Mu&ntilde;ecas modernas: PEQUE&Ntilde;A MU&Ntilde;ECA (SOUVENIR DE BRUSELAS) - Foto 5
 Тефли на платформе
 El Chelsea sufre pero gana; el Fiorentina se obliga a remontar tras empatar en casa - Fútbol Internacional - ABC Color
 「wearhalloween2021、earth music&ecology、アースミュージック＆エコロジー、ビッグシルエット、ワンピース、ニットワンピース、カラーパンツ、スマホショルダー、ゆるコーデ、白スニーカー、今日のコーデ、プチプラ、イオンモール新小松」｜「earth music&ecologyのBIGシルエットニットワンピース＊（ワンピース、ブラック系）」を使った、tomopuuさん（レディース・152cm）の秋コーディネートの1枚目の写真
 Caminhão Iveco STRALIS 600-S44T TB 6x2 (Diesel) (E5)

===============

Copy all of the data exactly. Skip nothing.

### Answer
Mu&ntilde;ecas modernas: PEQUE&Ntilde;A MU&Ntilde;ECA (SOUVENIR DE BRUSELAS) - Foto 5
 Тефли на платформе
 El Chelsea sufre pero gana; el Fiorentina se obliga a remontar tras empatar en casa - Fútbol Internacional - ABC Color
 「wearhalloween2021、earth music&ecology、アースミュージック＆エコロジー、ビッグシルエット、ワンピース、ニットワンピース、カラーパンツ、スマホショルダー、ゆるコーデ、白スニーカー、今日のコーデ、プチプラ、イオンモール新小松」｜「earth music&ecologyのBIGシルエットニットワンピース＊（ワンピース、ブラック系）」を使った、tomopuuさん（レディース・152cm）の秋コーディネートの1枚目の写真
 Caminhão Iveco STRALIS 600-S44T TB 6x2 (Diesel) (E5)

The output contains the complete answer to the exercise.